Jori Berger-Greenstein, PhD

Jori BergerDirector of Curriculum
Assistant Professor, Psychiatry and Graduate Medical Sciences

Office:
72 East Concord Street
Robinson Bldg – Suite B-212
Boston, MA 02118
Email: jberger@bu.edu
Phone: 617-414-2330
Fax: 617-414-2323

Education

I received my undergraduate degree in Psychology from Bradley University in Peoria, IL, and my master’s, and doctoral degrees from Bowling Green State University in Bowling Green, Ohio.

Biography

My graduate training included a specialization in Behavioral Medicine, which continues to be a primary area of interest. I have focused my clinical and research work in the area of HIV/AIDS, including primary and secondary prevention efforts; most recently, Steve Brady and I completed a federally-funded NIMH R01 study, investigating the efficacy of an HIV prevention intervention for people with serious and persistent mental illness. We are now in the process of dissemination – my data focus is on sexual risk behavior for women with who report interpersonal violence. Our data was presented at the International AIDS Society Conferences in Melbourne Australia and Durban South Africa.

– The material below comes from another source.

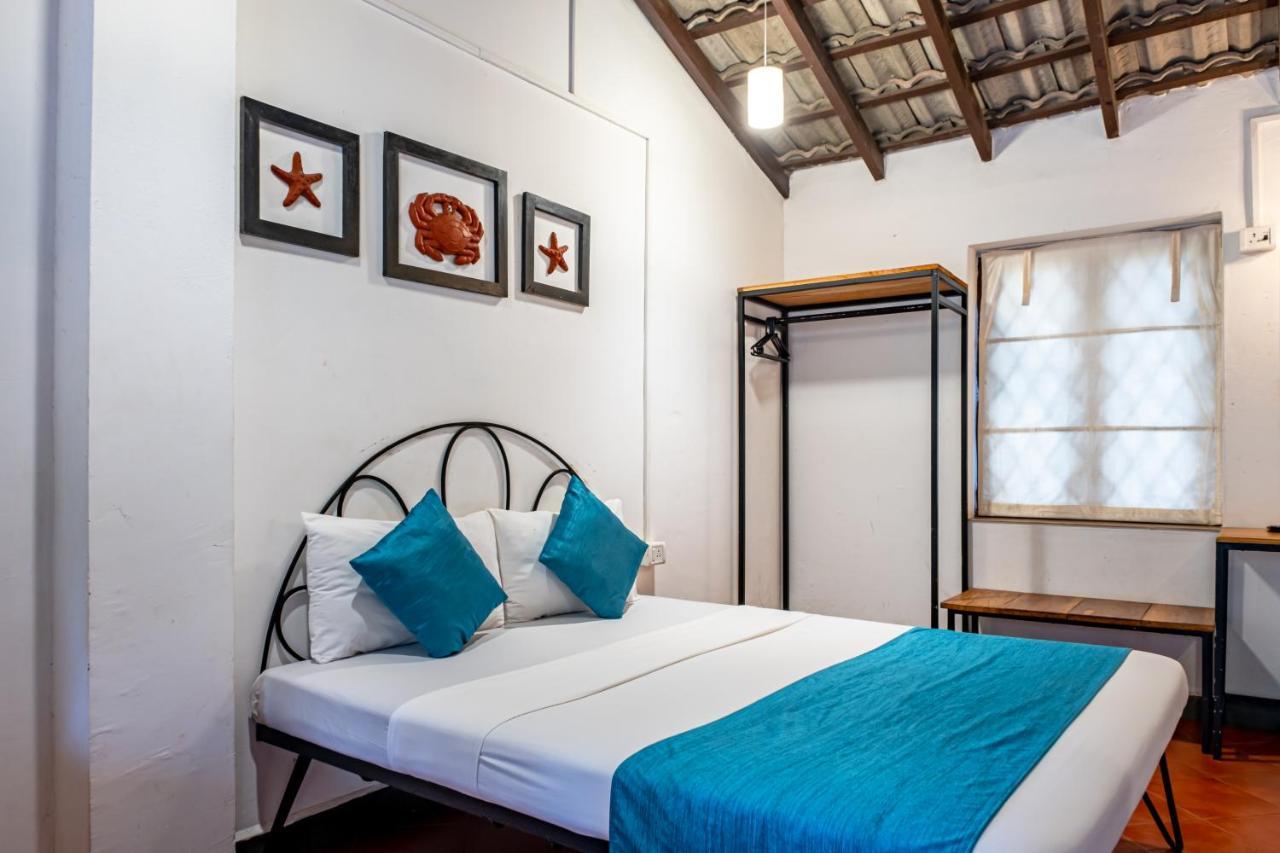 Hotel O Camarao Calangute Exteriér fotografie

I serve as the Curriculum Director in the MHCBM Program and advise students. As Curriculum Director, I oversee courses throughout the program, work with our core faculty and external course educators, and ensure that we are covering CACREP content and coursework that best prepares our students for clinical placements and future careers. I teach several courses in our program, including Counseling Techniques, Internship Supervision, Professional Orientation and Ethics, and Behavioral Medicine and Applied Health Psychology.

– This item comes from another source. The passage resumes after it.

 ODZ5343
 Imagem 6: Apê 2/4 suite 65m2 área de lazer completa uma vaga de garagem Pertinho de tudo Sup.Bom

I am active clinically, and have been a Staff Psychologist in the Adult Behavioral Health Clinic at Boston Medical Center, where I provide outpatient assessments and psychotherapy. I am also a member of the Boston Medical Center’s Clinical Ethics Committee.

 

Questions & Answers

Q: Please describe your theoretical orientation and teaching philosophy.

A: I espouse a cognitive-behavioral approach. I believe strongly that the ways in which we interpret information and events inform our emotions and ways of navigating the world. I also believe that these interpretations are influenced by experiences over the course of one’s lifetime, but are amenable to intervention. I also believe strongly in the importance of humanistic philosophy, which I infuse into my work, focusing on the important of empathy and humanness.

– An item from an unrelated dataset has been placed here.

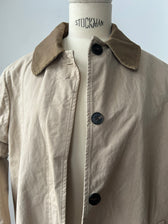 Mantel beige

My philosophy of teaching emphasizes the importance of setting high expectations of students, as well as myself. I believe that the best courses are those characterized by a team effort of myself and my students. I am also a strong proponent of experiential learning and focusing my teaching on developing and strengthening skills related to the work students are and will be doing.

Q: Why did you choose to be a faculty member in the Mental Health Counseling and Behavioral Medicine Program?

A: As many mental health folks would say, it always gets back to helping people. What I find particularly compelling about mental health is that there are many ways of applying what we know to help others in need, whether that is providing mental health care, conducting research to inform what we do, teaching a new generation of students, or educating the public.

Q: What do you enjoy most about teaching in the Mental Health Counseling and Behavioral Medicine Program?

A: I think we have a terrific program! I like that I have a job with a lot of variety and get to do a bit of everything. On any given day I am meeting with students, responding to a clinical issue with a patient, teaching a class, meeting with fellow faculty, and developing activities for class. I enjoy working with my fellow faculty members, and as Curriculum Director work very closely with our external course educators, who are a very important part of our program. Mentoring students as they learn and take on responsibilities throughout their time with us is very compelling, and maintaining ties with our alumni, and hearing about the wonderful work they do, is extremely meaningful for me.